“cehalet ayrıcalıklı sınıfın elinde ustaca kullandığı bir silahtır” Karl Marks
Son birkaç yıldır işçi direnişleri, eylemleri toplumda daha çok yankı bulur oldu. 3. Havalimanı işçilerinin eylemlerinin nedeni olan taleplere baktığımızda ve karşılaştıkları devlet tutumunu gördüğümüzde bunun nedenini anlamakta zorlanmıyoruz tabii ki. Zaten normalde patronlar tarafından karşılanıyor olması gerekirken, yenebilecek yemek, koğuşların ilaçlanması, servislerin çoğaltılması, ücretlerin zamanında ödenmesi gibi talepler için işçilerin suçlu muamelesi görmeleri ve tutuklanmaları da ülke gündemine oturdu.
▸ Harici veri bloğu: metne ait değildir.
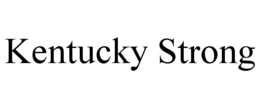 KENTUCKY STRONG trademark
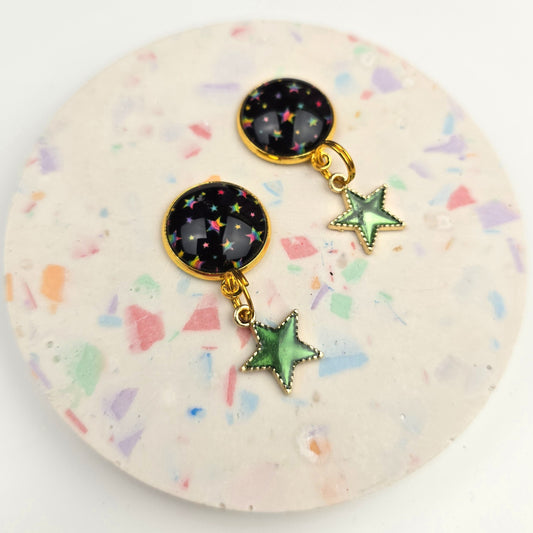 Magical Stars Charm Dangly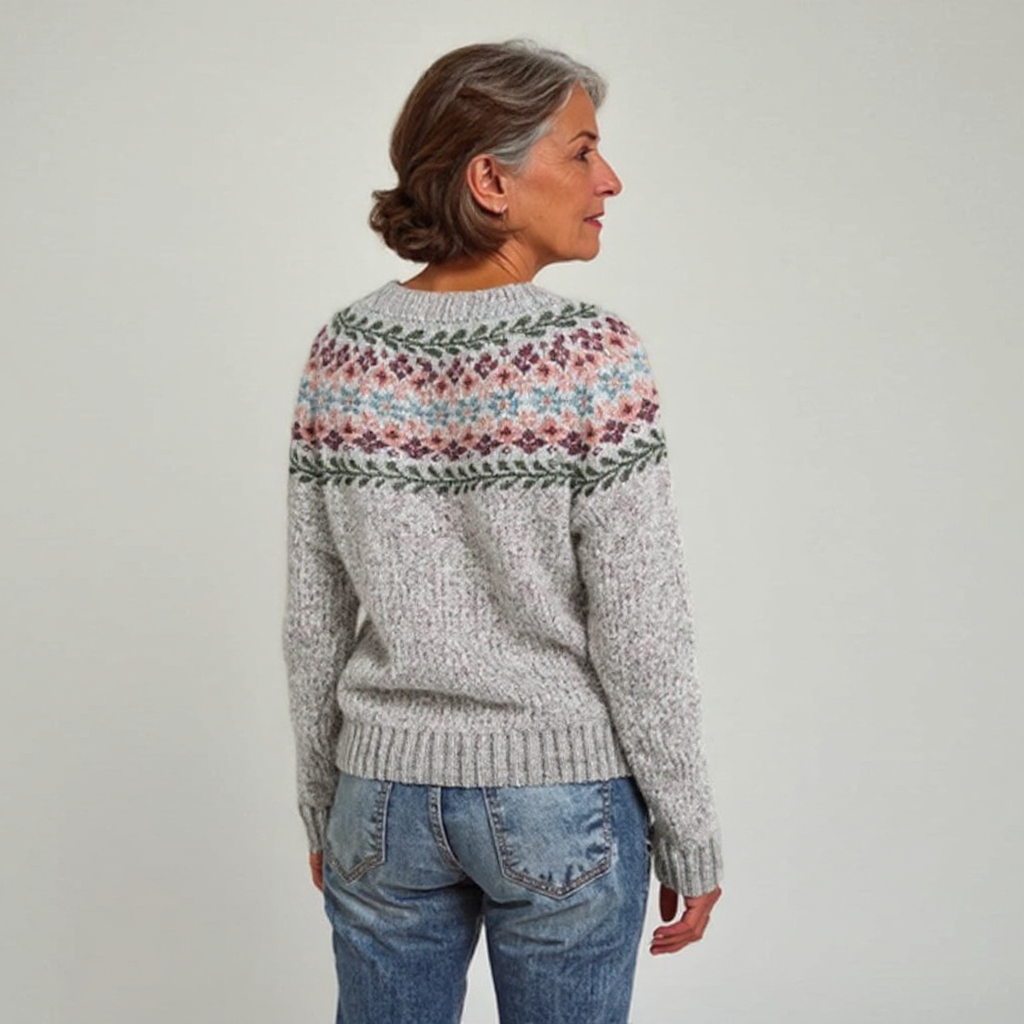 Bridget - Classic Icelandic Knit Sweater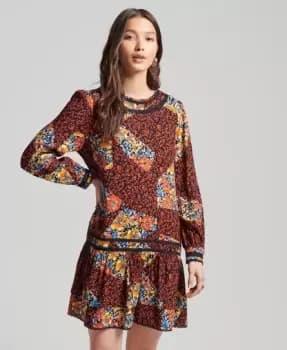 Superdry Lace Mini Dress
Hükümet, patronlar, yandaş medya hep bir ağızdan işçilerin ‘kandırıldıklarını’ ve ‘kötü emellere’ alet edildiklerini tekrarlayıp duruyorlar. Hükümetin ve yandaş kalemşörlerin ise işçilere ‘cahillik yapmayın kanmayın bunlara’ çağrıları hiç eksik olmuyor.
Bu çağrıları yapanlar, kalitesiz yemeklere, kirli koğuşlara, yetersiz servis araçlarına, ücretlerin zamanında ödenmemesine, işçi cinayetlerine itiraz edenleri cahaletle suçluyor. Nedense bizi yönetenler her zaman her şeyin en iyisini biliyor, işçiler ise hep cahil, hele hele böyle insani taleplerde bulunursa, birde üstüne ısrar ederse kara cahil.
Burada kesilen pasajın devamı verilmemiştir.